◆ Description of the task: Below are some entries. Repeat exactly the lines from the one with "VIDEO: You can" through the one with "Full set of", and only those.

◆ Given records:
--- START ---

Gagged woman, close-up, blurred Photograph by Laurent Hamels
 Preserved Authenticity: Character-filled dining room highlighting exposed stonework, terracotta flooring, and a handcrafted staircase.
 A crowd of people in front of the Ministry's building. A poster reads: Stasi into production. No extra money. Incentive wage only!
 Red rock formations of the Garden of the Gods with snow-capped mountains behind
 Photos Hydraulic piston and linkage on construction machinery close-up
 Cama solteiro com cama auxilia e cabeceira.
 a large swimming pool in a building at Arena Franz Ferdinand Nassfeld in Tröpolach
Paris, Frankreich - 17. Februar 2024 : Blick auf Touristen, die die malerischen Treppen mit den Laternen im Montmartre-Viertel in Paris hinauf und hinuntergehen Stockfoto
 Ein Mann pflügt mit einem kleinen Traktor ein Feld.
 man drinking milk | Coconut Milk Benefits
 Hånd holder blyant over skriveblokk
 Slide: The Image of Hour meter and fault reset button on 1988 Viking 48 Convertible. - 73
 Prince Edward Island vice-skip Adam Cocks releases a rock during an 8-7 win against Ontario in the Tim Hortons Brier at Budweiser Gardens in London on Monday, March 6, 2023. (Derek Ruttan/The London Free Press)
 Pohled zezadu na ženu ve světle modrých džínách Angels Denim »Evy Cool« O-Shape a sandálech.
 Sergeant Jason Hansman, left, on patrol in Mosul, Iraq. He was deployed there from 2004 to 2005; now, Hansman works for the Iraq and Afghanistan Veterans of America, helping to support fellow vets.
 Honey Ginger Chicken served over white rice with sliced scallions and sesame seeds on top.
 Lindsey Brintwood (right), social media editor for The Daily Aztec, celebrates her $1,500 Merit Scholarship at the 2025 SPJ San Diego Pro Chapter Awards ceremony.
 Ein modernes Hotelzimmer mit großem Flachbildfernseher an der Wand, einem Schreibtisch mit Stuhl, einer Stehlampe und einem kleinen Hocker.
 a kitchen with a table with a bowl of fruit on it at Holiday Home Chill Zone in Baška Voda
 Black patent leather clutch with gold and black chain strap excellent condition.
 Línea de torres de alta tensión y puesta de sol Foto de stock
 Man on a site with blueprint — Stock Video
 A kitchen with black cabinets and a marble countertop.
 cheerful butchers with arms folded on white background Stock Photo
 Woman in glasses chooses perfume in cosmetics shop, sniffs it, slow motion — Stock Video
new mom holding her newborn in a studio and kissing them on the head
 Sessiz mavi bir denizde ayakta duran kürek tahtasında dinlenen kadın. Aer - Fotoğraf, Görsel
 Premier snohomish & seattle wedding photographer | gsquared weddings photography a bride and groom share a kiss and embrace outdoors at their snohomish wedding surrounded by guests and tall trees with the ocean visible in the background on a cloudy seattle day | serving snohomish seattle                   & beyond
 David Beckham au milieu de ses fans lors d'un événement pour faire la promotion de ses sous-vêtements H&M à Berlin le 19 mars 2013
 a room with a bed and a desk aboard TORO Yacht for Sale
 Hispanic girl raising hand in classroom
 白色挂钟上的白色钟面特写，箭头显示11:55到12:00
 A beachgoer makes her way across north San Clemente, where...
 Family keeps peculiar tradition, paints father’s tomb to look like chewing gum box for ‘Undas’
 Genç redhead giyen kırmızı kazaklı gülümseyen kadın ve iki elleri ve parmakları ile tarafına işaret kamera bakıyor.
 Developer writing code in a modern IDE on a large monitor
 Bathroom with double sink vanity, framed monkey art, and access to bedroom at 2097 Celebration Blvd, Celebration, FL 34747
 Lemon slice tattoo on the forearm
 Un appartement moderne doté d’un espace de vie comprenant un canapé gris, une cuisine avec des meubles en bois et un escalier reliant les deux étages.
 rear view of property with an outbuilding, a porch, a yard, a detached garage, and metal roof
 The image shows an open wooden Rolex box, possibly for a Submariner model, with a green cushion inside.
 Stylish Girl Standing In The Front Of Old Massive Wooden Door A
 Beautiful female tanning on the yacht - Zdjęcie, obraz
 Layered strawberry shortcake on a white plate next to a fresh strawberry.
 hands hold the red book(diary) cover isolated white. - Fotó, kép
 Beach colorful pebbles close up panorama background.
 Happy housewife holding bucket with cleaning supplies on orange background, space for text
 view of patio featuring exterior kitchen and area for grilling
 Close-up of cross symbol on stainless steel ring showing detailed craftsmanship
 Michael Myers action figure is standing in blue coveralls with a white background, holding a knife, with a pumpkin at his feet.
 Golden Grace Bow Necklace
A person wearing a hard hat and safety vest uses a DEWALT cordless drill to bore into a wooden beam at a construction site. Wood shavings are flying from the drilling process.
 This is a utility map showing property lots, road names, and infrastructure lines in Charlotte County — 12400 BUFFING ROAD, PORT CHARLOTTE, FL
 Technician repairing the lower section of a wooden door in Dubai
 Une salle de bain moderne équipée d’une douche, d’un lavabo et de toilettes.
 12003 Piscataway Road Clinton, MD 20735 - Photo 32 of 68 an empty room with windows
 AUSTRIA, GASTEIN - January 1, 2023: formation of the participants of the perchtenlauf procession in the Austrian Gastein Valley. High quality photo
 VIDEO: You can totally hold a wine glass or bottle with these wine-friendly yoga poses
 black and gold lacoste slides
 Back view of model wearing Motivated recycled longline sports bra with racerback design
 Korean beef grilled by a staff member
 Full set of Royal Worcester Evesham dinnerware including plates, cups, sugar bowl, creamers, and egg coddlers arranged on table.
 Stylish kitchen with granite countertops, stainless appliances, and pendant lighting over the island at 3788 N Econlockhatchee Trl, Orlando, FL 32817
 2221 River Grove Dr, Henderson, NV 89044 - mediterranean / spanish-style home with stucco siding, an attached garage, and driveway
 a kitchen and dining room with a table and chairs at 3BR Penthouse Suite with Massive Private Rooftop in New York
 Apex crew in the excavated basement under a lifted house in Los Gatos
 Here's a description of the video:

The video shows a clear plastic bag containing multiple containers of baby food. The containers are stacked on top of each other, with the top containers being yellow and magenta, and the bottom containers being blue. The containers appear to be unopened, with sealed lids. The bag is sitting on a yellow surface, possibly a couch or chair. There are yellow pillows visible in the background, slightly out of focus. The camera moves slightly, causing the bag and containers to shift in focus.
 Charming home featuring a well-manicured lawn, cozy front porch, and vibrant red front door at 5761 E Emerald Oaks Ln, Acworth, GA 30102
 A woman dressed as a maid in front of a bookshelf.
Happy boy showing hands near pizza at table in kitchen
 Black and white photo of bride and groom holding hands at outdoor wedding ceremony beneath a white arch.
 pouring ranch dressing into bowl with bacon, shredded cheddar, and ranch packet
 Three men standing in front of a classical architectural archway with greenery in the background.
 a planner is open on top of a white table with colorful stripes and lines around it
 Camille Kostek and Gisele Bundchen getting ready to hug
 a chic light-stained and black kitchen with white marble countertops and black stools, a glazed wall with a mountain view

--- END ---

◆ Response to the exercise:
 VIDEO: You can totally hold a wine glass or bottle with these wine-friendly yoga poses
 black and gold lacoste slides
 Back view of model wearing Motivated recycled longline sports bra with racerback design
 Korean beef grilled by a staff member
 Full set of Royal Worcester Evesham dinnerware including plates, cups, sugar bowl, creamers, and egg coddlers arranged on table.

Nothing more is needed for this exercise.